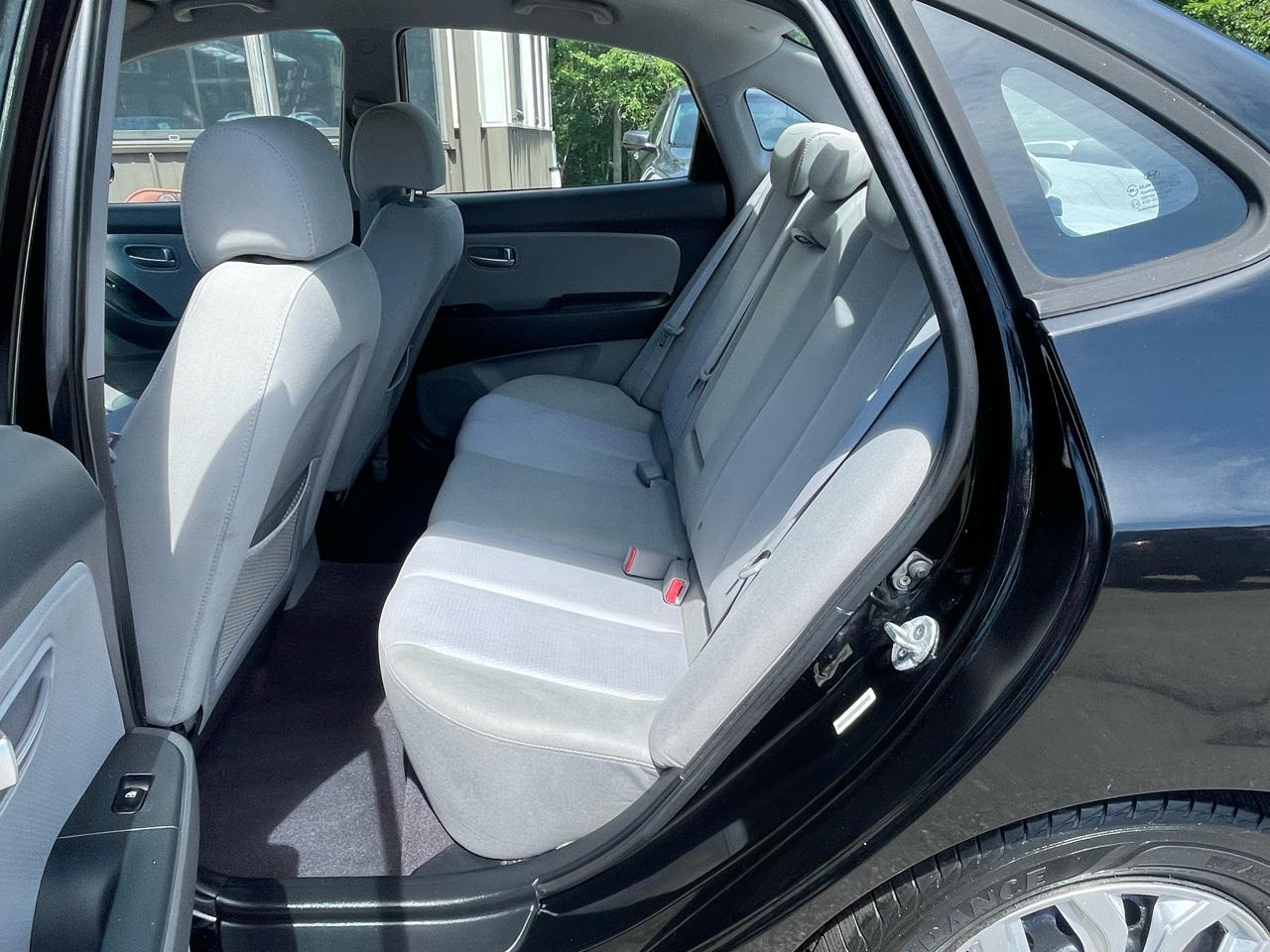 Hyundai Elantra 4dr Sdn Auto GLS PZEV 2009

==

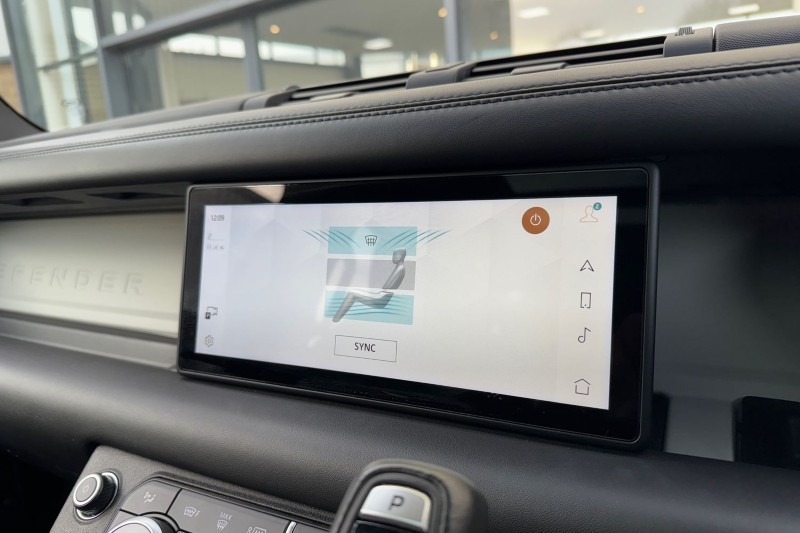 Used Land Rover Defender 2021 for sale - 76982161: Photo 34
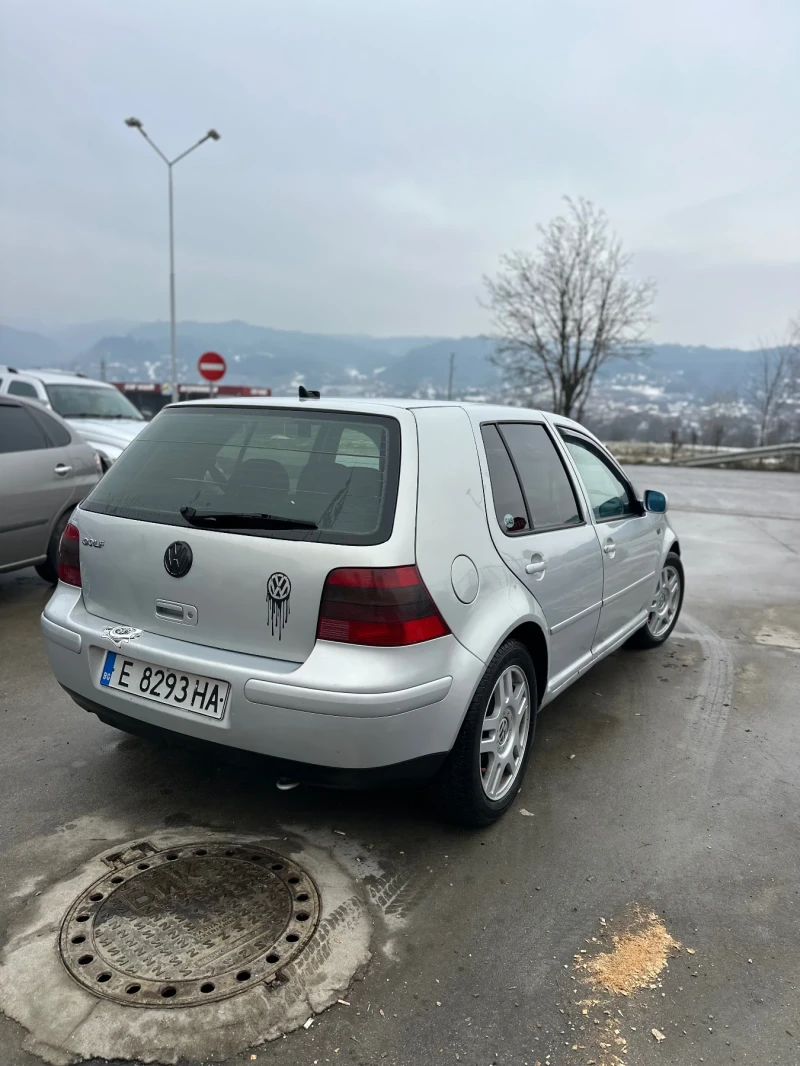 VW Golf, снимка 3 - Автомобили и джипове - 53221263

---

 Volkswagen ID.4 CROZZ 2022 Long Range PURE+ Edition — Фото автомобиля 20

Assigned task =>
Using the records above, return word for word the lines that begin at the one containing "Used Land Rover" and end at the one containing "VW Golf, снимка", both of them included and no pictures.

Exercise result =>
 Used Land Rover Defender 2021 for sale - 76982161: Photo 34
 VW Golf, снимка 3 - Автомобили и джипове - 53221263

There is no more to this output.